To further the relationship between the parties, it is necessary and desirable that each party to this Agreement may furnish the other party to this Agreement with certain proprietary information. The party disclosing such proprietary information shall be the ‘Discloser’, and the party receiving such proprietary information shall be the ‘Recipient’. Such proprietary information will be designated as confidential information, when presented in printed, written, graphic or photographic or other tangible form marked as ‘Confidential’, ‘Proprietary’ or ‘Commercial and in confidence’ by the Discloser, and, when presented in oral form, recorded as written minutes or notes of such oral presentations, which minutes or notes must be so marked (such tangible materials and oral presentations so minuted shall be ‘Confidential Information’). In consideration of each party to this Agreement receiving the other’s Confidential Information, each party agrees by its affirmative completion of the “Non-Disclosure Agreement” check box located within their profile on this website, to use such Confidential Information only as agreed herein unless otherwise agreed to in a written instrument signed (physically or digitally) by both parties.

TERMS

Where the Discloser, or Recipient, is from either party:

  1. The Recipient will use the same care and discretion to avoid disclosure, publication or dissemination of Confidential Information as it uses with its own similar confidential information that it does not wish to disclose, publish or disseminate. The Confidential Information, including any TRADE SECRET, CONFIDENTIAL AND PROPRIETARY information contained therein is not to be disclosed to any persons other than the employees; and consultants or agents of the Recipient (if any), who have a need to know and who have also executed a nondisclosure agreement, substantially in the form of this Agreement.

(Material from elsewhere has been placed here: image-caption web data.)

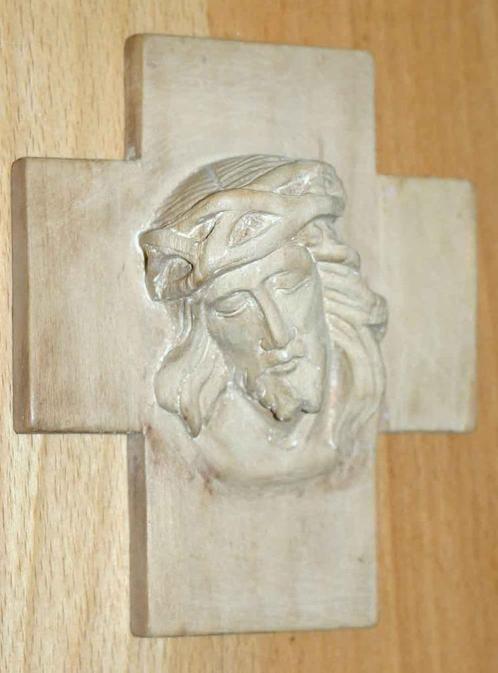 Houten Christuskop 13 x 15 cm - 5970, Verzamelen, Religie, Gebruikt, Christendom | Katholiek, Overige typen, Ophalen of Verzenden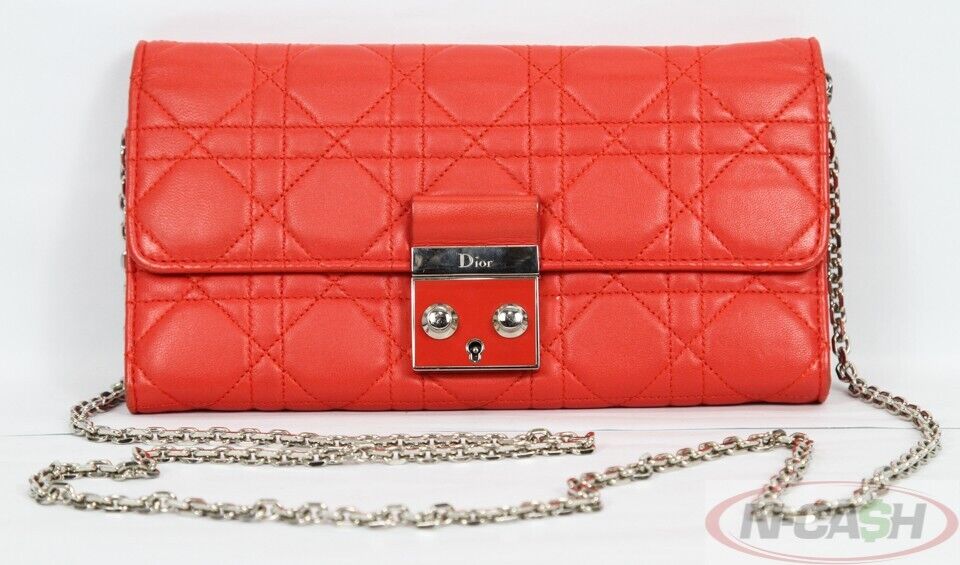 Christian Dior Miss Dior Orange Quilted Leather WOC Bag N Cash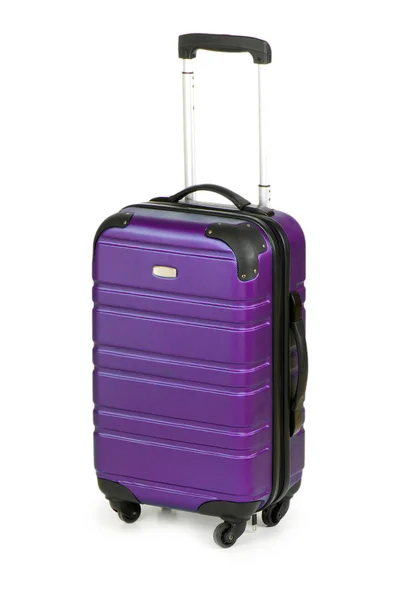 Gepäckkonzept mit Koffer auf der weißen Seite — Stockfoto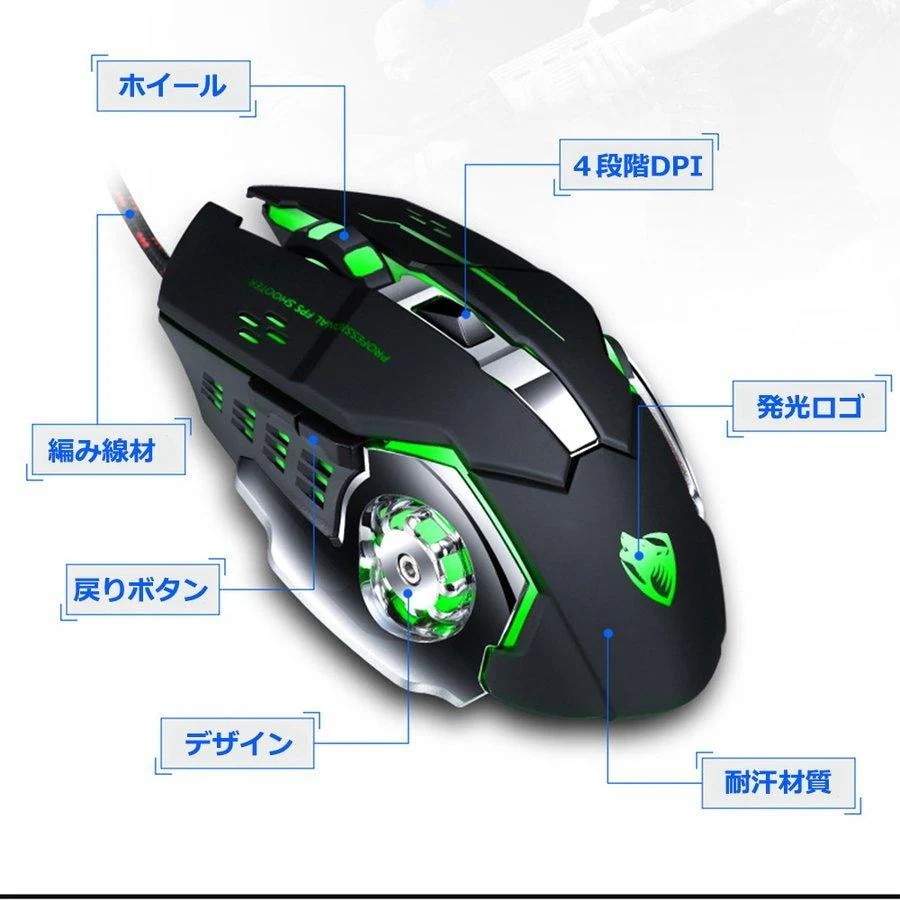 [10月推奨/20%OFF]キーボード 青軸キーボード 送料無料 マウス ゲーミングマウスセット ゲーミングキーボード 英字配列_9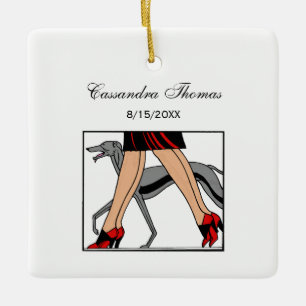 Poten Art Deco Vrouwen Windhond Whippet Hond R Keramisch Ornament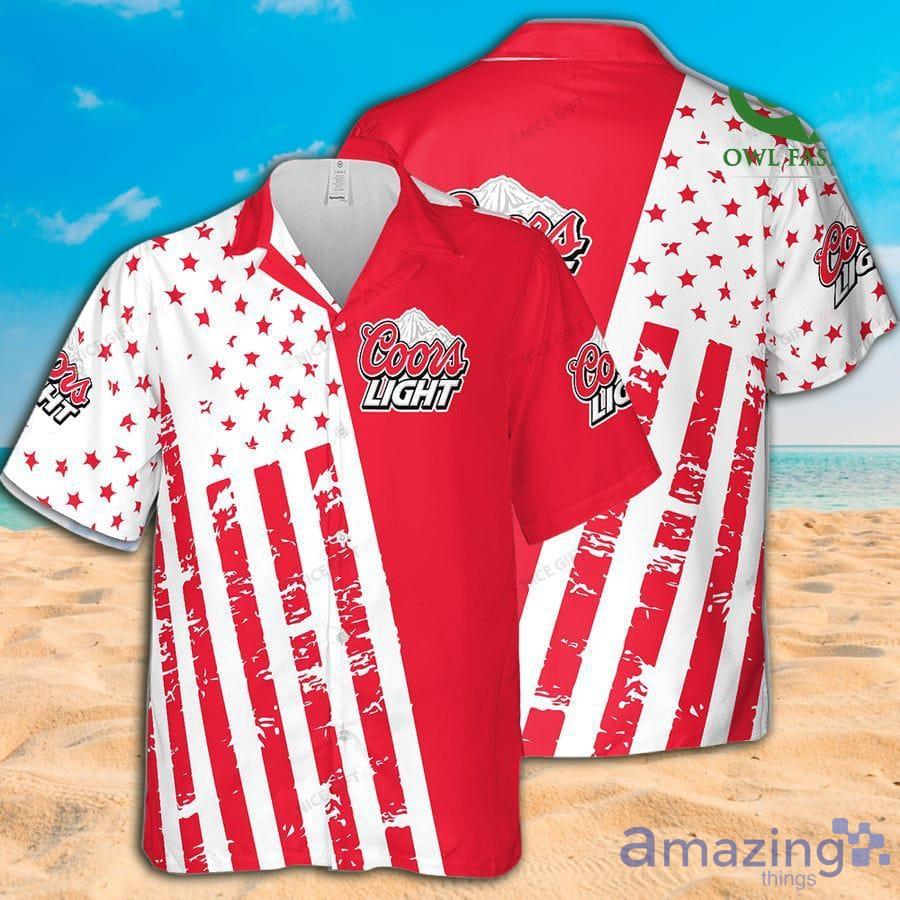 Coors Light Red American Flag Aloha Beach Hawaiian Shirt For Men And Women Product Photo 1 Coors Light Red American Flag Aloha Beach Hawaiian Shirt For Men And Women Product Photo 1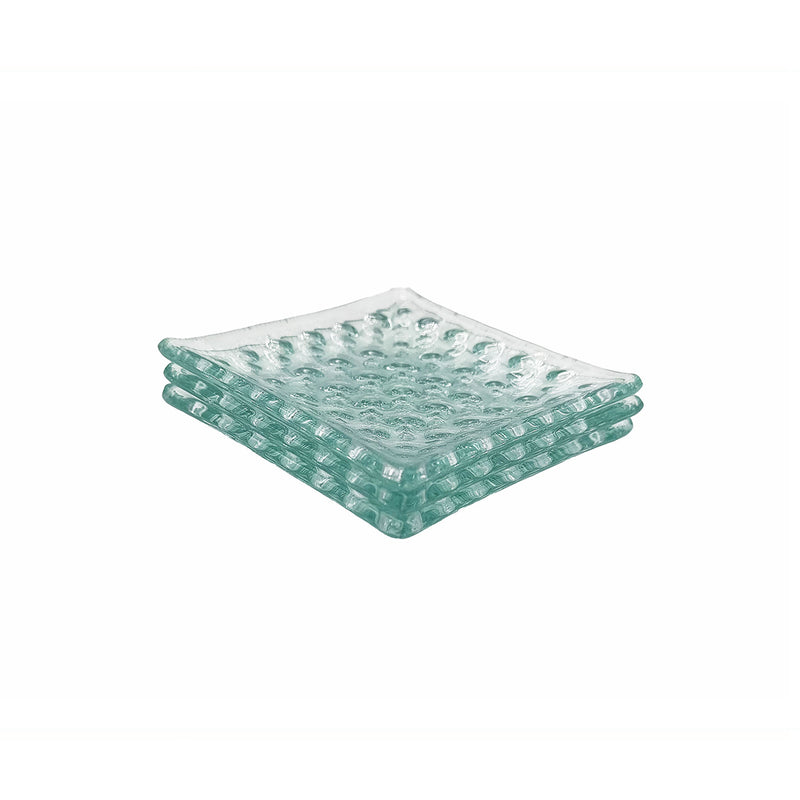 Vague Green Square Bubble Glass Dish 8 x 1 cm - Al Makaan Store
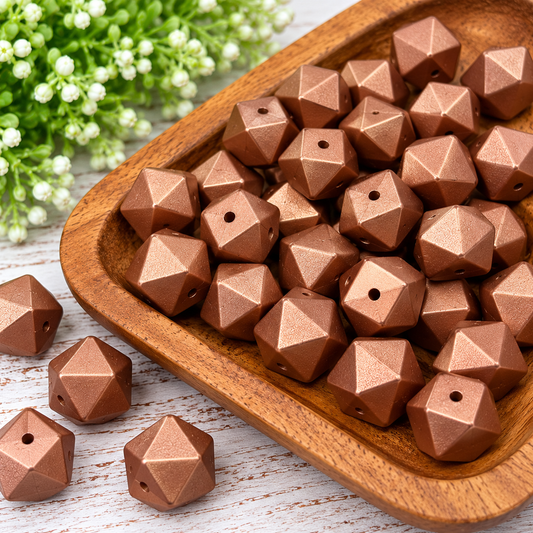 Copper Kissed Happiness | 14mm Metallic Silicone Hexagon Beads – 10ct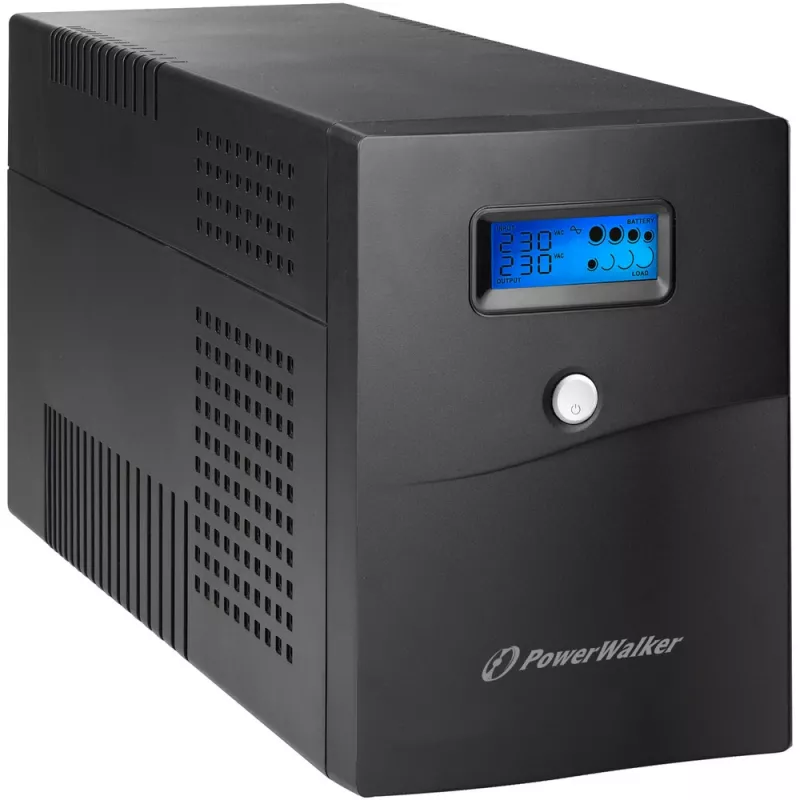 Uninterruptible Power Supply PowerWalker VI 3000 SCL — line-interactive UPS 3 kVA / 1800 W, 230 V, 9 Ah accu, LCD, tower, zwart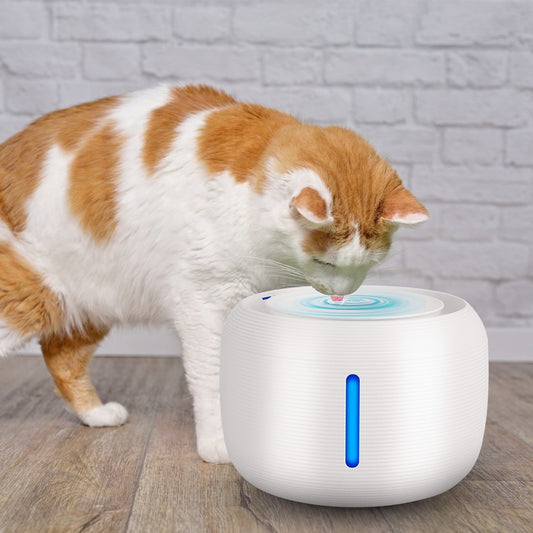 2.5L 84.54OZ Pet Water Fountain Smart Pet Drinking Fountain with LED Light 7 Pack Replaceable Filters Water Level Quiet Pump Dry-Run Protection Cat Dog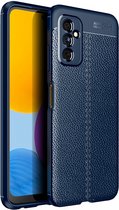 Samsung Galaxy M52 5G Hoesje Back Cover met Kunstleer Textuur Blauw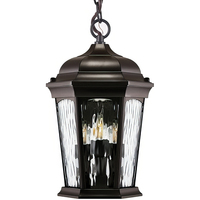 1300 Lumens - 12.5 Watt - 3000 Kelvin - LED Outdoor Pendant Fixture - Flame Lantern - Comes with (1) LED Flame Bulb - Bronze Finish - Water Glass Lens - Euri Lighting EHL-130W-MD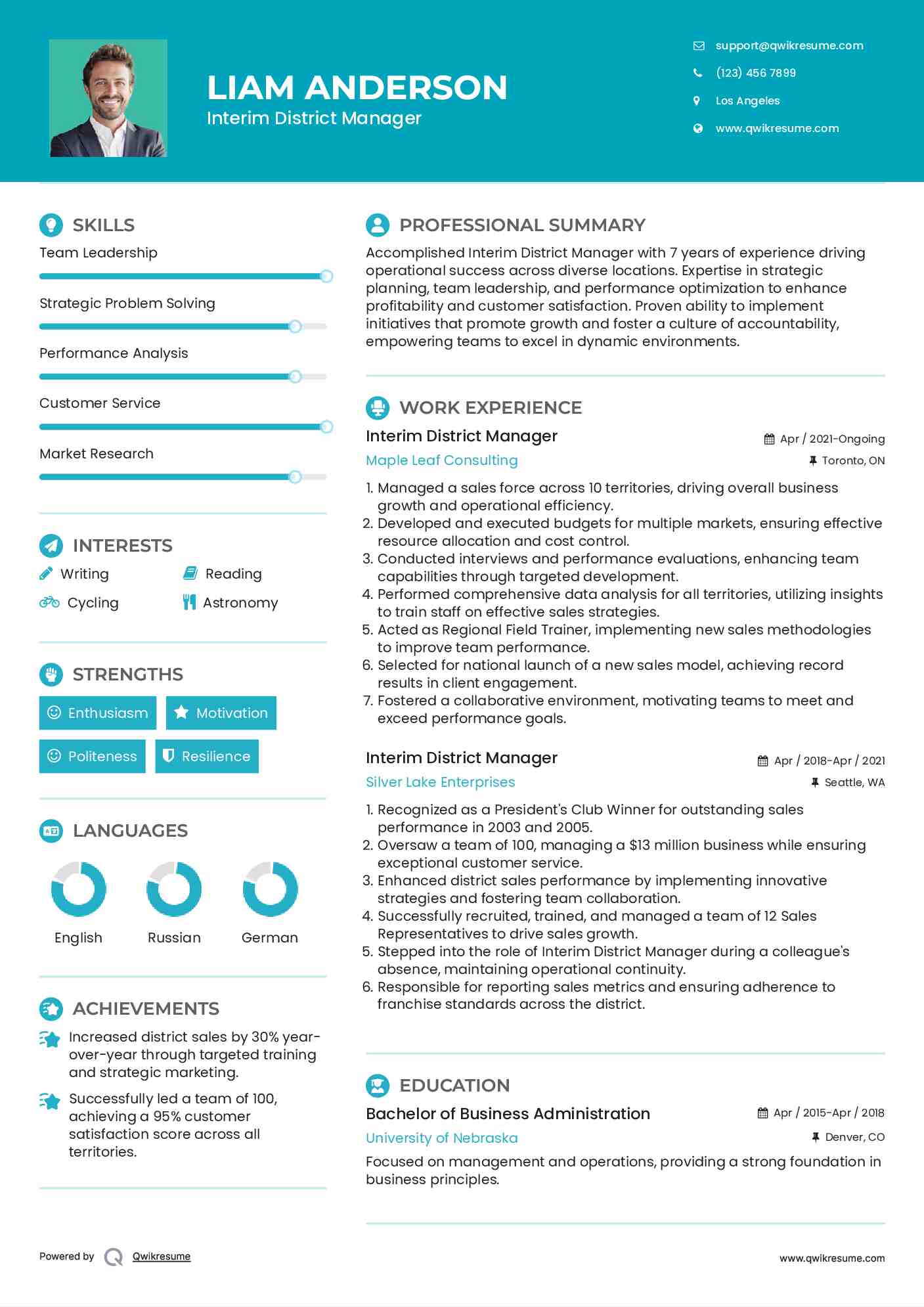 Interim District Manager Resume Model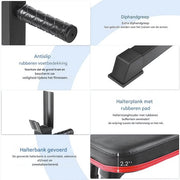 Multifunctionele Halterbank - Fitnessnank - Bench press - Bankdrukbank - Trainingsbank met Hulterrek, Opvouwbaar, Platte Bank en Squatrek - Tot 200 kg Capaciteit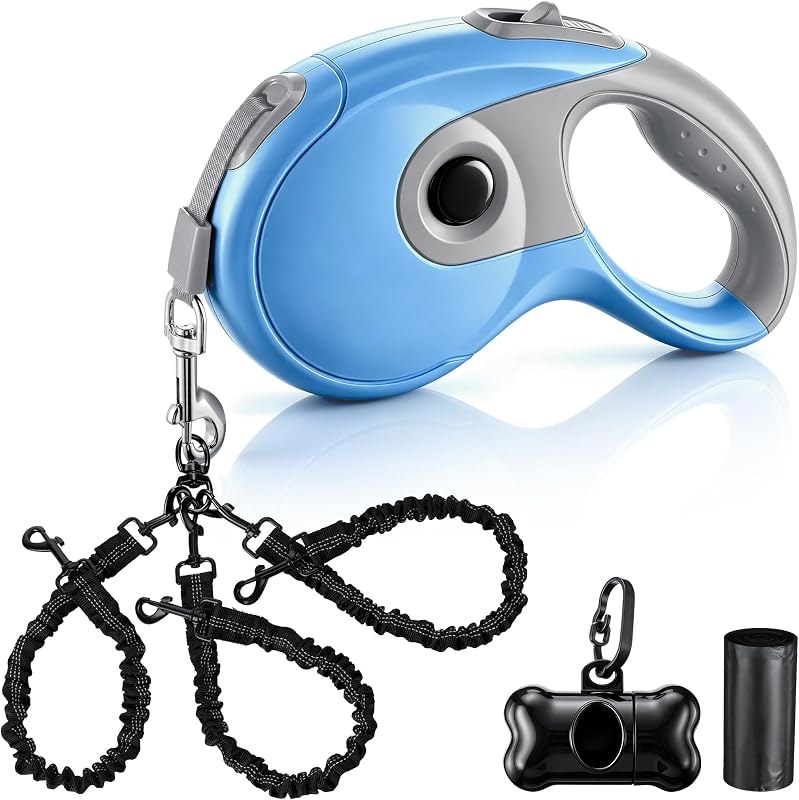 Guia Retrátil para 3 Cães Eccliy com Fita de Nylon, Azul-Celeste, 4,88 m
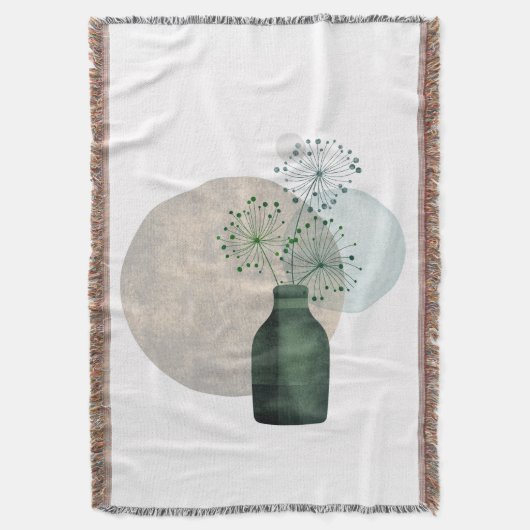 Couverture Boho Zen Dandelions Floraux Dans Une Bouteille (devant Vertical)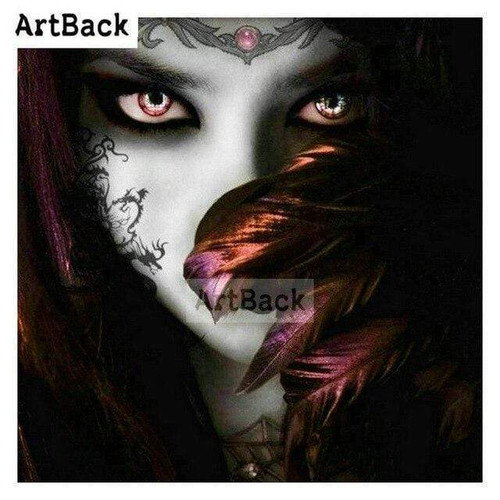 5D Diamond Painting Glowing Eyes Red Feather Girl Kit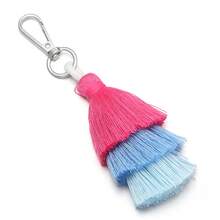 1pc/Pack Tassel Keychain 14.5cm Gradient Color Three-Layer Tassel Christmas Tree Pendant Phone Charm Decoration Handmade DIY Clothing Accessories Bag Jewelry Parts - Tassel Keychain - View 12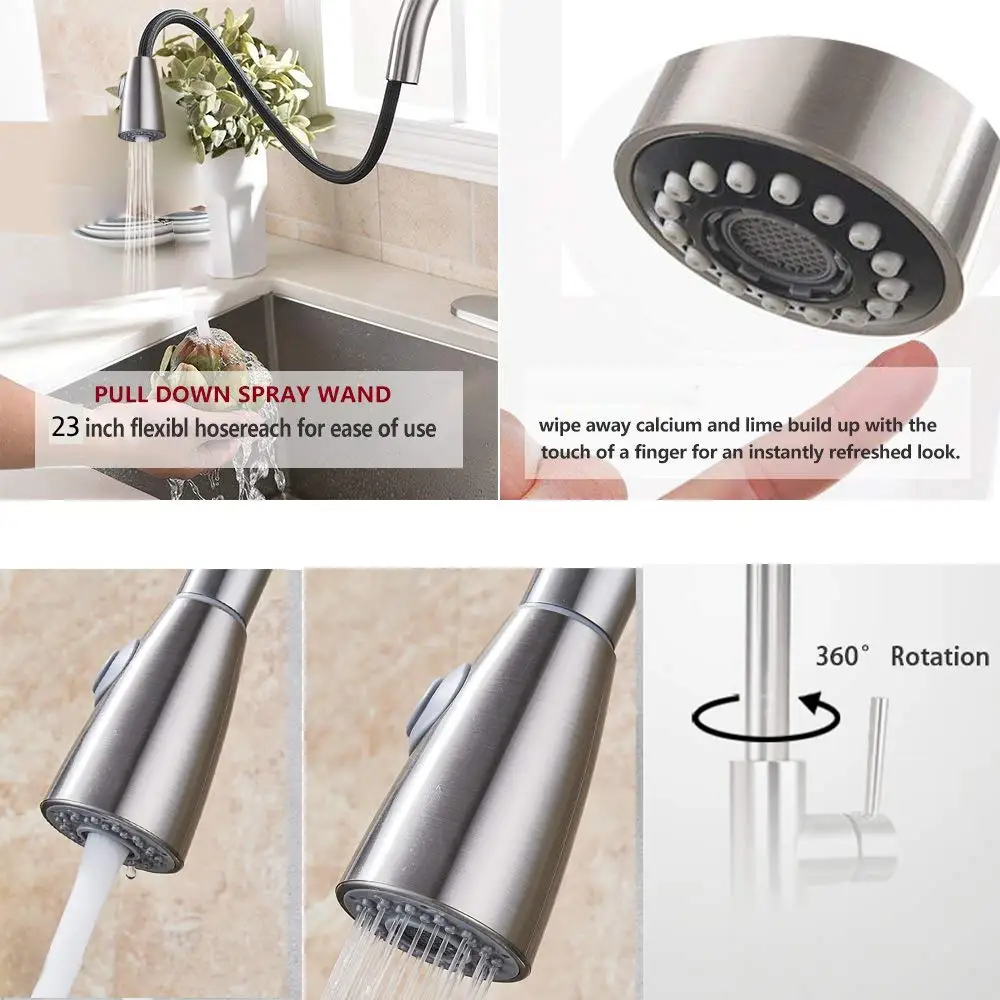 Brushed-Nickel-Black-Bronze-Kitchen-Faucet-Pull-Out-Rotation-Kitchen-sink-Faucet-crane-Single-Handle-Hot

An original of such executed non-disclosure agreement shall be supplied to either party to this Agreement upon request.
  2. The Recipient shall not use Confidential Information in any manner, nor use it to the benefit of anyone but the Discloser, nor circulate it within its own organization or otherwise, except to the extent necessary for negotiations, discussions and consultations with personnel or authorized representatives of the Discloser or for any purpose the Discloser may authorize in writing.
  3. The obligations of the Recipient with respect to any particular portion of Confidential Information shall terminate or shall not attach, as the case may be, when any of the following occurs: (a) It was in the public domain at the time of the Discloser’s communication thereof to the Recipient. (b) It entered the public domain through no fault of the Recipient subsequent to the time of the Discloser’s communication thereof to the Recipient. (c) It was in the Recipient’s possession free of any obligation of confidence at the time of the Discloser’s communication thereof to the Recipient. (d) It was independently developed by the Recipient. (e) Its disclosure is required by court or government order and the Discloser has been given notice of such order.
  4. All materials furnished by the Discloser to the Recipient, which are designated in writing to be the property of the Discloser, or which are or contain Confidential Information, shall remain the property of the Discloser and shall be returned to the Discloser promptly at its request with all copies made thereof.
  5. This Agreement shall govern disclosures and all communications between Discloser and Recipient relating to its subject matter that are made during the period from the date of this Agreement to the earlier of the date on which either party receives from the other party written notice that subsequent disclosures shall not be so governed, or for a period of five (5) years following the earlier of the last act of disclosure hereunder or the termination of this Agreement.
  6. Neither this Agreement nor any disclosure of the Discloser’s Confidential Information grants the Recipient any license or rights to any trade secrets or under any patents or copyrights.
  7. THE DISCLOSER PROVIDES CONFIDENTIAL INFORMATION ON AN ‘AS IS’ BASIS. The Discloser will not be liable for any damages arising out of use of Confidential Information. The disclosure of Confidential Information containing business plans is for planning purposes only. The Discloser may change or cancel its plans at any time. Therefore, use of Confidential Information is at the Recipient’s own risk.
  8. This Agreement shall be construed in accordance with the laws of Australia.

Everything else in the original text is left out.